Falkirk couple allowed proof before answer in case against whisky aging facility
A couple from Falkirk have succeeded in getting a proof before answer in their case against a whisky company.
Thomas and Gail Chalmers brought an action against Diageo Scotland Ltd for damages of £40,000 caused by a whisky aging facility that they allege has diminished the value of their property.
The case was heard in the Outer House of the Court of Session by Lord Tyre.
‘Angels’ share’
The pursuers lived in a house in Bonnybridge, Falkirk, which was situated usually downwind of a whisky aging facility owned by the defenders. They contended that the ethanol vapour released from the casks over time, known as the ‘angels’ share’ had damaged their property and their outdoor furniture by causing black fungus to cover the outside walls and tiling. This had reduced the value of the house, which was estimated at £190,000 to £195,000 in 2017, by 5-10%, due to both the damage to the house and to neighbouring houses.
The first pursuer had attempted in the past to clean the house of the fungus himself but had since become unable to do the work, forcing them to pay for outside help, which would have to continue until the defenders ceased the activity causing the blackening. Furthermore, they contended that they had lost the use and enjoyment of their garden, as they were limited in the types of furniture they could put in it as well as having to choose colours that would reduce the visual effect of the fungus. As such, their claim was based on diminution of value, cleaning costs, and loss of amenity.

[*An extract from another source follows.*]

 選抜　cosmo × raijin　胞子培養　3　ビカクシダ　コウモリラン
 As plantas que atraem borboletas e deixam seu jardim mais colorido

Counsel for the defenders argued that the blackening was indistinguishable from other forms of blackening in other locations, and it was not significant enough to have an impact on property values. They also argued that the pursuers were double counting by claiming for loss of property value, loss of amenity, and cleaning costs. In the event that they were successful, only one of those things could be recovered from the defenders. Finally, they submitted that it was not clear how the sum claimed for had been calculated, and that there was no way to accurately calculate future loss as the pursuers did not state how long they intended to continue living in the property.
The pursuers argued that the double counting argument was erroneous as it proceeded on the basis that they would claim cleaning costs forever into the future and that they were an exhaustive measure of the damages sustained. They accepted that they could not claim for both diminution in value and loss of amenity, but one of those could be claimed alongside cleaning costs and replacement furniture. However, without further enquiry, it was not yet possible to say which would be the more appropriate measure to claim for, and that in the event that the diminution of value was inconclusive the pursuers would then have to rely on a more general claim for loss of amenity.
‘Contentious issue’
In his decision, Lord Tyre first put aside the issue of double counting, saying: ”In my opinion the issue of double counting will be better resolved after enquiry. I am further satisfied that the pursuers’ averments in relation to costs and expenses are sufficiently specific to justify the allowance of proof before answer.”
Regarding what the pursuers could claim for, he said: “In the present case it is not averred on behalf of the defenders that steps are being or may be taken to put an end to the alleged nuisance complained of. For the purposes of the present discussion, therefore, the nuisance complained of must be regarded as a continuing one[.]”
After setting out the pursuers’ claim, he continued: “Senior counsel for the pursuers accepted that there was a degree of double counting here, and that the pursuers would not be entitled to both. I consider, however, that the proper measure of the pursuers’ loss, if any, ought to be determined after the hearing of evidence, especially on the contentious issue of whether the presence of black discolouration has in fact caused a diminution in the value of their property.”
Concerning the defenders’ argument that the there was double counting in including cleaning costs and loss of amenity, he said: “In my opinion there is no double counting as between these two heads of claim. If the pursuers were to succeed in proving that the value of their house has been diminished, this would represent the loss of future amenity resulting from the occurrence of discolouration and the need to take regular measures to remove it. That is not, in my view, the same thing as either the past costs of cleaning, or future costs of cleaning likely to be incurred by the pursuers themselves.”
He continued: “Addressing the question of relevancy that arises at this stage, the pursuers have in my view pled a relevant case that they will continue to incur cleaning costs for as long as they continue to occupy the property and the emission of ethanol vapour into the atmosphere continues.”
Lord Tyre then addressed the issue of whether the pursuer had provided a coherent enough explanation of the sum claimed for, saying: “In my opinion the pursuers have given sufficient notice of costs and other losses which, if all were to be established in evidence, might amount to the sum sued for or thereabouts. My view as just stated should not, of course, be interpreted as the expression of any opinion as to the likelihood of the pursuers succeeding on liability or, if they do so succeed, on their prospects of recovering the whole of the damages that they seek.”
For these reasons, he pronounced an interlocutor allowing proof before answer.